El problema no es solo el conflicto en algunos casos superficial, sino la cohesión del cúmulo de subtramas. En un intento fallido de malabarismo, Meirelles conforma los eslabones de una larga cadena inconsistente en su forma final: unos hechos como a partir de cuerdas, otros de plástico y solo dos o tres de acero, y es así como la cadena no soporta el peso de la película; algunos segmentos se arrastran por los suelos y otros vuelan en un cielo despejado.
Ciudad de Dios, basada en la novela de Paulo Lins, no es la única buena adaptación que ha llevado al cine. The Constant Gardener (2005) de John le Carré es magnífica; no solo tuvo un buen recibimiento entre la crítica, sino que le valió varias nominaciones y hasta un Oscar como mejor actriz de reparto para Rachel Weiz, cosa rara puesto que en realidad comparte crédito estelar con Ralph Fiennes. Aunque tiene menos tiempo de pantalla que él la historia se mueve alrededor de su personaje, mientras que el de Fiennes reacciona a las acciones de ella, una activista en busca de la verdad en torno a las empresas farmacéuticas en África. El alto contenido socio-político está bien llevado. El drama seduce al tiempo que entristece, en el tono trágico característico del director. Filmada justo después de Ciudad de Dios, The Constant Gardener prometía un estupendo futuro cinematográfico en otra dirección, menos ambicioso que Ciudad de Dios pero igualmente gratificante. Continuar el panorama épico era una tarea poco menos que imposible, pero rodar películas excepcionales parecía ser una opción. Blindness y 360 son dos inconsistencias de las que será difícil alejarse.

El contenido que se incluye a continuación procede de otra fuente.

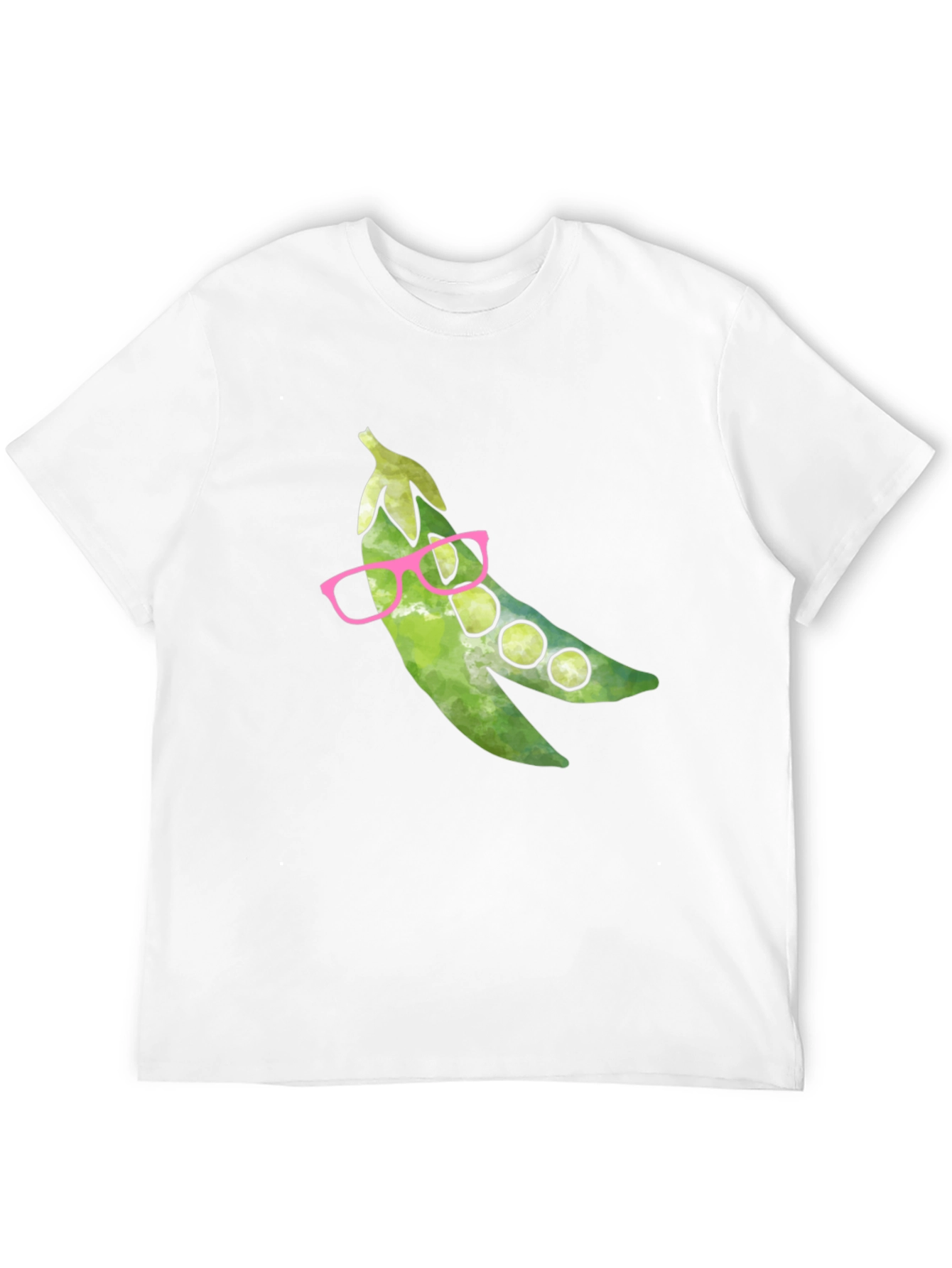 Pea Pods with Glasses T-Shirt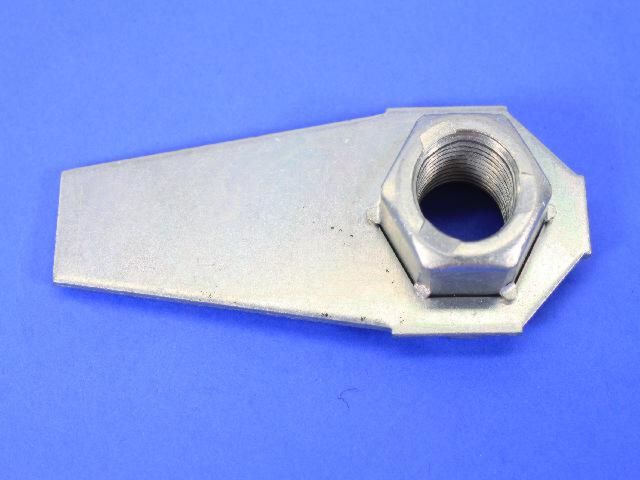 2013-2026 Ram Hex Flange Lock Nut And Retainer 6508827AA | My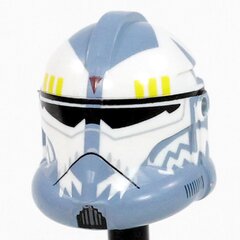 RR Wolffe Sand Blue Helmet- CAC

Si una cadena es tan fuerte como su eslabón más débil, 360 tiene varios, y en verdad es una lástima: tenía el potencial para ser una muy buena película, lo cual no quiere decir que carezca de méritos. Hay ocasiones en que el tamaño de la empresa marca el estruendo de la caída. El desplome de 360 se escucha fuerte y claro. Era un proyecto de inmensas proporciones, digno de "el director de Ciudad de Dios", filmada en París, Londres, Bratislava, Río de Janeiro, Denver y Phoenix. Es una metáfora de la unión entre los seres humanos, del complicado armazón social alrededor del mundo y el amor de pareja. Al final el círculo se cierra de una manera quizá artificial: en el mismo lugar en el que empieza y con los mismos diálogo, en una lección de coincidencias un tanto forzada. Hay que reconocer su atrevimiento: el riesgo que impulsó el tropiezo.